What to produce:
Please return the lines below verbatim, beginning at the one that has "Satellite Gaming Christian" and stopping after the one that has "2 chambre Villa", and add no other lines.

Recorded information:
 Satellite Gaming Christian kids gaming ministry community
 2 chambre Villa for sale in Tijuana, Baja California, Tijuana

...

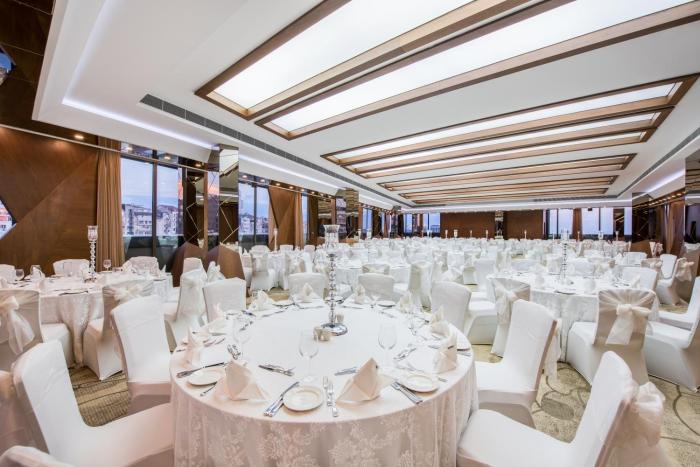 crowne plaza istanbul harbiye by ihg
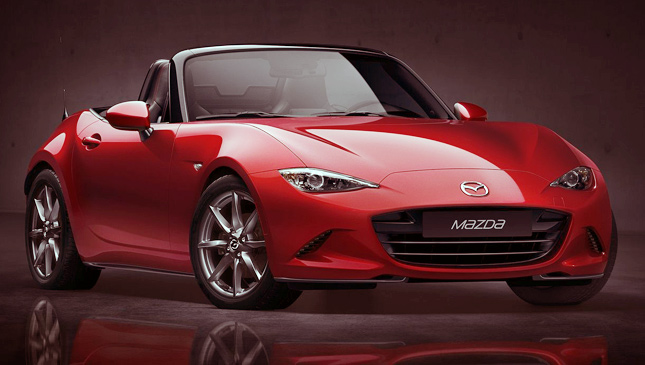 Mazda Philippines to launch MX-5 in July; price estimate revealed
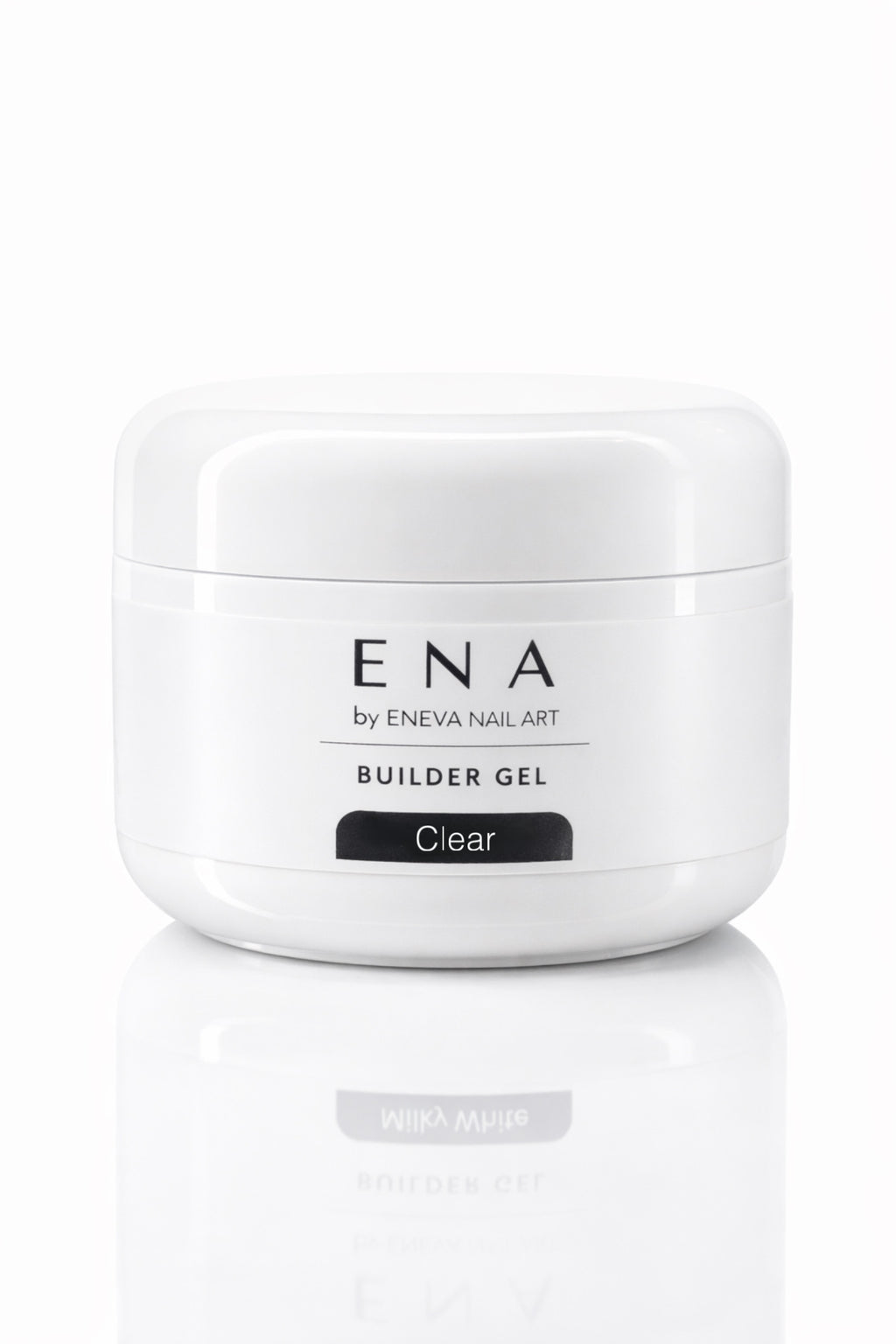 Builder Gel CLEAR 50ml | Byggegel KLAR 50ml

Task output:
 Satellite Gaming Christian kids gaming ministry community
 2 chambre Villa for sale in Tijuana, Baja California, Tijuana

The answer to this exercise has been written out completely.